The cadpat raingear now coming into the system is "merged" pattern <---- exactly as what eventually occured with the cadpat uniform.

YES -- there is still "AF pattern" cadpat raingear out there and there will be until it is all worn out and disposed of. It'll only be used by AF pers though due to changes that the Army required to make the raingear suitable for the Army's wear.

There is cadpat raingear being issued to certain op Army Units at this time. It is of the "merged" pattern, and IS the pattern which all Land and Air pers will find themselves wearing eventually (once that AF gear wears out).


----------



## Eye In The Sky (17 Mar 2008)

Well I have to say, it certainly makes sense.  So everyone in the army with have hideable reflectors and the AF will be happy with the "FOD-i-ness" of this converged design?   ;D

Editted to add - MCG, I stand corrected, you were spot on.  From the link 
http://www.army.forces.gc.ca/Chief_Land_Staff/Clothe_the_soldier/hab/PDF/Conv_Rainsuit_e.pdf

_*The rainsuit, comprising of a jacket and trousers, is a converged design meeting the Air Force and Army’s requirements for a suitable rainsuit system.*_


----------



## geo (17 Mar 2008)

.... which is pert much what I brought up many posts ago.

No one will destroy existing stocks.
The army will not wear the original AF style rain suit
The AF will wair the Merged kit once it has used up existing stocks in the sizes they have on the shelf.

Go figure.


----------



## Eye In The Sky (17 Mar 2008)

Geo,

Understood.  I was looking for something 'on paper' to show to the local Supply folks though.   ;D
The CEMS site should be updated to indicate the intent with the CCR as well.


----------



## danchapps (17 Mar 2008)

So I did my little measurement today and the arm pocket is 4 3/4" x 6 1/2", and by eyeballing it, I doubt it will fit anything bigger than a 20 pack. However not having a pack of smokes I can't find out for sure.

Also, having looked at the two rain coats side by side there are more differences than you would imagine. I would hardly compare the two at this point, other than they are both CADPAT, and both protect from rain.
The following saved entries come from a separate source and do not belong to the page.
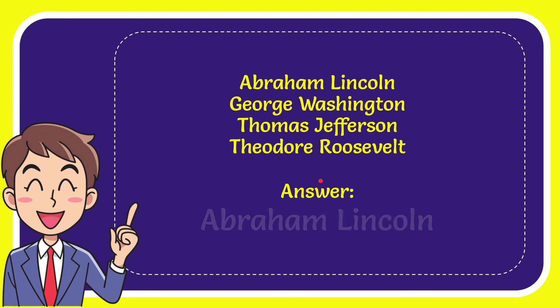And the correct answer for the question is Abraham Lincoln.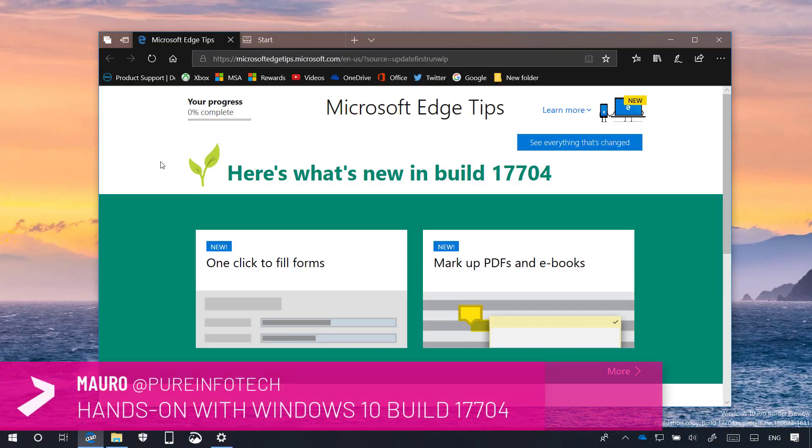Hello guys, this is Mauro of Imprimifotech.com and on this video we're going to look at the new features and changes included on Windows 10 17704.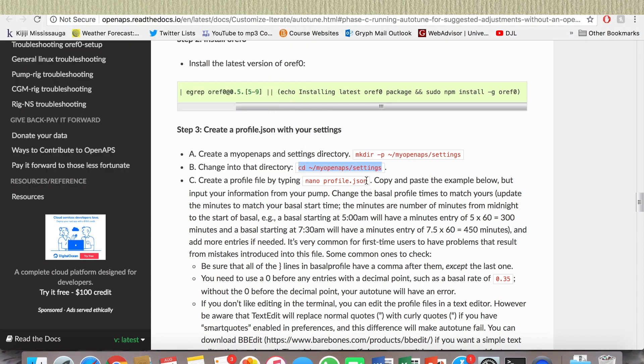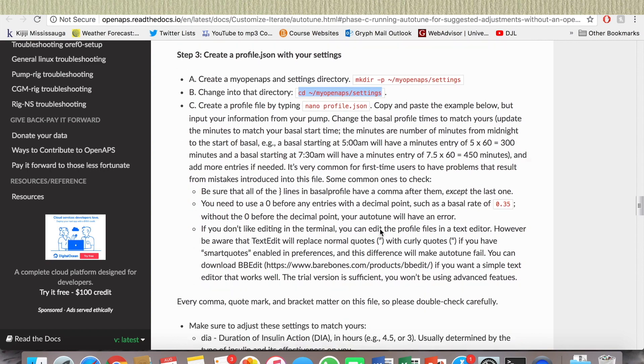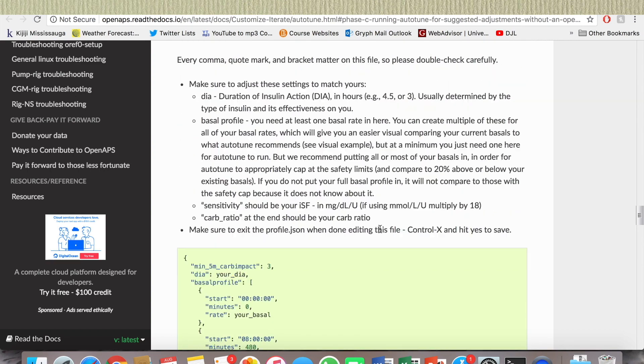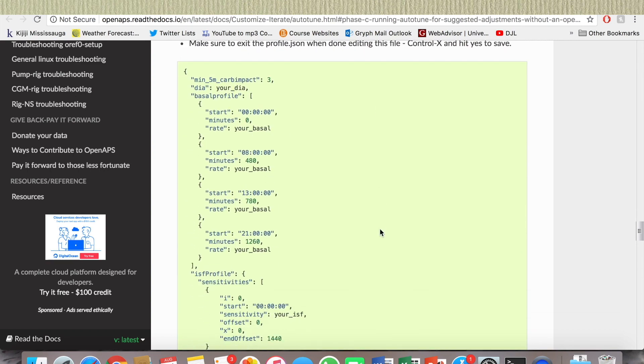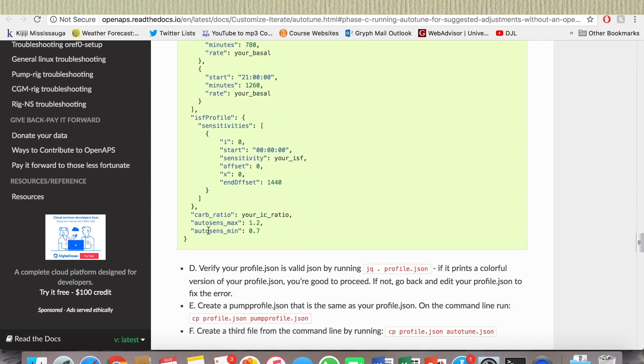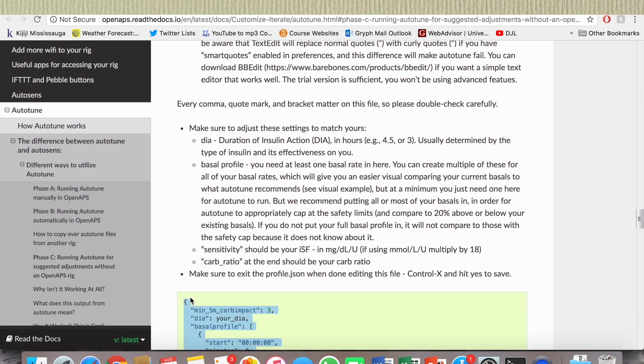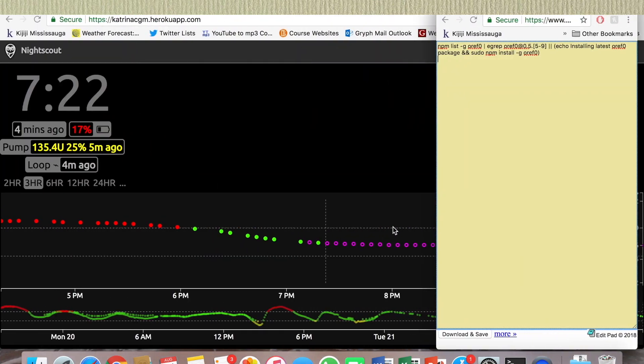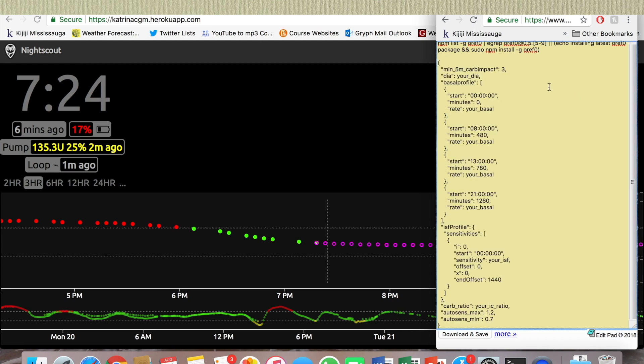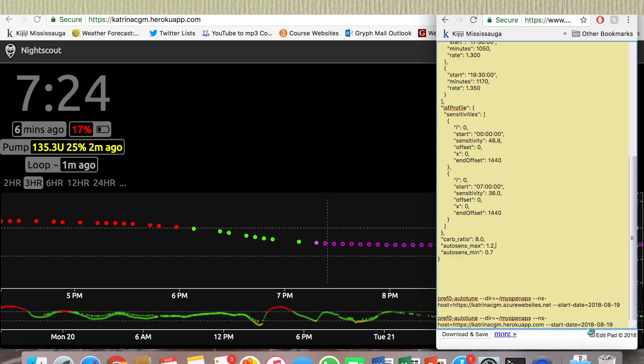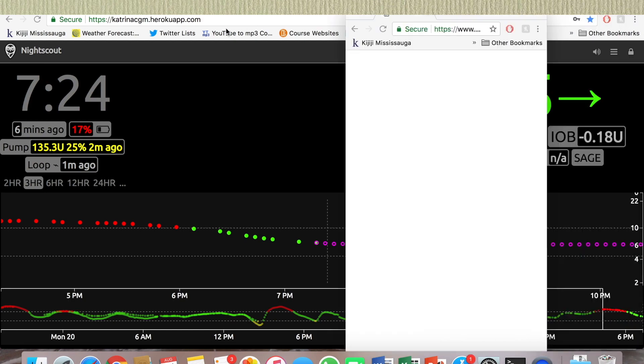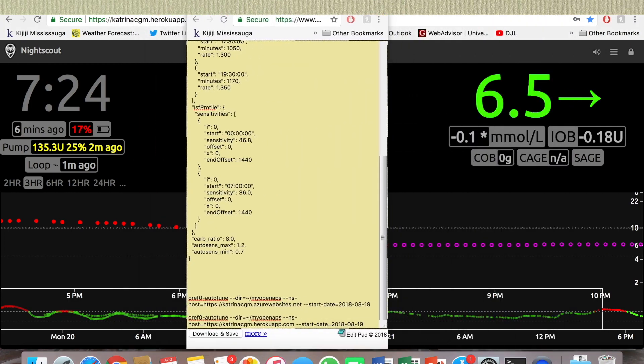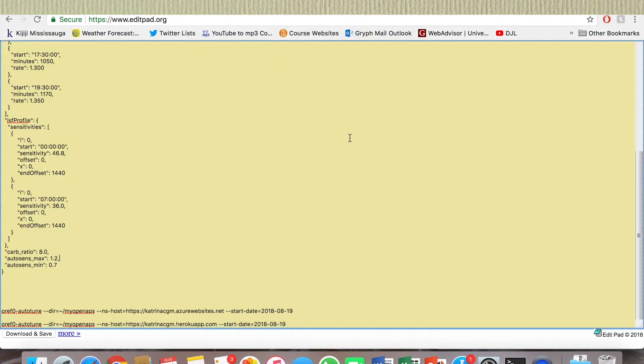Okay, create a profile by typing that. Copy and paste example below but input your information, so I'm gonna set that up first. I'm gonna copy this whole thing and paste it in my plain text editor. I had the information from when I did it before, but I'm gonna redo it.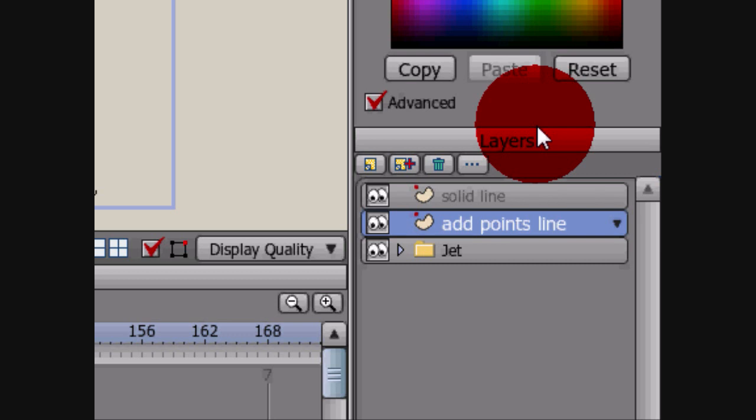and for anybody who doesn't know what that is, Anime Studio version 7 Debut and Pro released this FollowPath tool that allows you to draw a line, and then whatever object you want in your scene can actually follow that line rather than creating points along the way and animating each and every frame.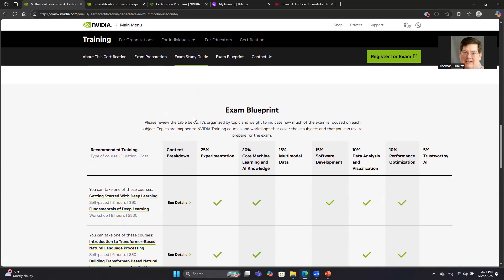That was my brief review of the multimodal exam. It's a great little exam. It's a good way to demonstrate your knowledge of NVIDIA technology and AI, LLM technology in general. So, tune in next time, and I'll dive into another certification exam.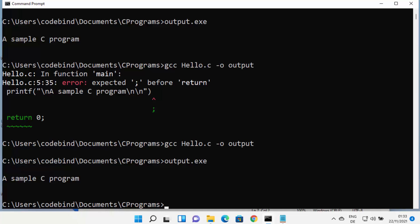This is how you can install and use MinGW on your Windows 11 operating system. I hope you enjoyed this video and I'll see you in the next one.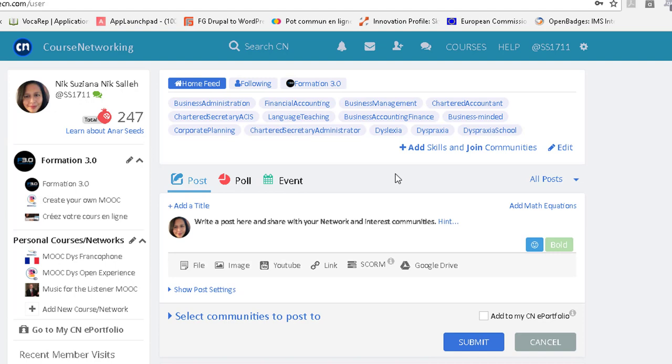So now it is your turn. Go to the exercise below and start exploring the community features. Have fun!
I can't wait for my Converged rain coat.


----------



## BinRat55 (17 Mar 2008)

Chapeski said:
			
		

> I can't wait for my Converged rain coat.



Oh my, the unadulterated innocence of people!!  There was a time when I had THAT much enthusiasm for "kit".  Now, I can't wait to get out of this monkey suit!!  Don't get me wrong, I love my job, love the military, adore Hillier and the whole nine yards, but when people "can't wait" for certain kit like it's freakin Christmas!!!  Wow.


----------



## geo (17 Mar 2008)

Binrat.... if you've bin there and done that and have the worn out rainsuit to show for it then YESD you can't wait to get your new one.


----------



## TN2IC (17 Mar 2008)

Chapeski said:
			
		

> Yeah, I think one size is something like 7652 or something, so unless you are a giant, then it's a no go. Haven't a clue what the other size is though.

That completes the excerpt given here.